What to work on:
Beginning with the line that holds "トヨタ アルファード Executive" in the data below, give again every line through the one that holds "Lo Specchio Del", exactly as written.

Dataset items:
▬▬▬

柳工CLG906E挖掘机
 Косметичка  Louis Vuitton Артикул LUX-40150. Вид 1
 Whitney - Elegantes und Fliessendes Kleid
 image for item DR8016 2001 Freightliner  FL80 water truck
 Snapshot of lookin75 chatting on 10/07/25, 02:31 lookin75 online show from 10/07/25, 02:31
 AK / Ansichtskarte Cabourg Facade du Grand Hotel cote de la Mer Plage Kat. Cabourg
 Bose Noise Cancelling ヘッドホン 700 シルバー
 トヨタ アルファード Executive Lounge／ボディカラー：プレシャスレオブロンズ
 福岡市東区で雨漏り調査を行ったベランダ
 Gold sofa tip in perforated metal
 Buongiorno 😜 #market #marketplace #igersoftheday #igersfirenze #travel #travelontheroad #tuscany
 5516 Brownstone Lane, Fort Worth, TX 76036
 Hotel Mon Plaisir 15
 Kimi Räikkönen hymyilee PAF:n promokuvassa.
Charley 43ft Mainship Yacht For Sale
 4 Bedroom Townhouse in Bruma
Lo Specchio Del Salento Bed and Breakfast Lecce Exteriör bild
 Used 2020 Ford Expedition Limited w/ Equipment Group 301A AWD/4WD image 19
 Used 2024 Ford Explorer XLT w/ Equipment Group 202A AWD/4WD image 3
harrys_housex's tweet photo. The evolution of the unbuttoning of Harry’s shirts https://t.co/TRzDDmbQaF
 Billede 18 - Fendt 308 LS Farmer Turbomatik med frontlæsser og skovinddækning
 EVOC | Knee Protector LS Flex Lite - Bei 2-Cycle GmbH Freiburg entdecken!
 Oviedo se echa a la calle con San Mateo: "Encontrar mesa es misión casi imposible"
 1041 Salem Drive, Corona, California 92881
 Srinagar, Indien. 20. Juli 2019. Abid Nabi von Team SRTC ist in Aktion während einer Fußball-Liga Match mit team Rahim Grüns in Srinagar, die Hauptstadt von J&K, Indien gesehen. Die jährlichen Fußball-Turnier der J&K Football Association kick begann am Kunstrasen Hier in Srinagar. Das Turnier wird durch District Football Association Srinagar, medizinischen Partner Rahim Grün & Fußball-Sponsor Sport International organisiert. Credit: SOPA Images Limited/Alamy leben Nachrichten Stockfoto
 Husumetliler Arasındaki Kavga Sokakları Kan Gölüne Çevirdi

▬▬▬

Written answer:
 トヨタ アルファード Executive Lounge／ボディカラー：プレシャスレオブロンズ
 福岡市東区で雨漏り調査を行ったベランダ
 Gold sofa tip in perforated metal
 Buongiorno 😜 #market #marketplace #igersoftheday #igersfirenze #travel #travelontheroad #tuscany
 5516 Brownstone Lane, Fort Worth, TX 76036
 Hotel Mon Plaisir 15
 Kimi Räikkönen hymyilee PAF:n promokuvassa.
Charley 43ft Mainship Yacht For Sale
 4 Bedroom Townhouse in Bruma
Lo Specchio Del Salento Bed and Breakfast Lecce Exteriör bild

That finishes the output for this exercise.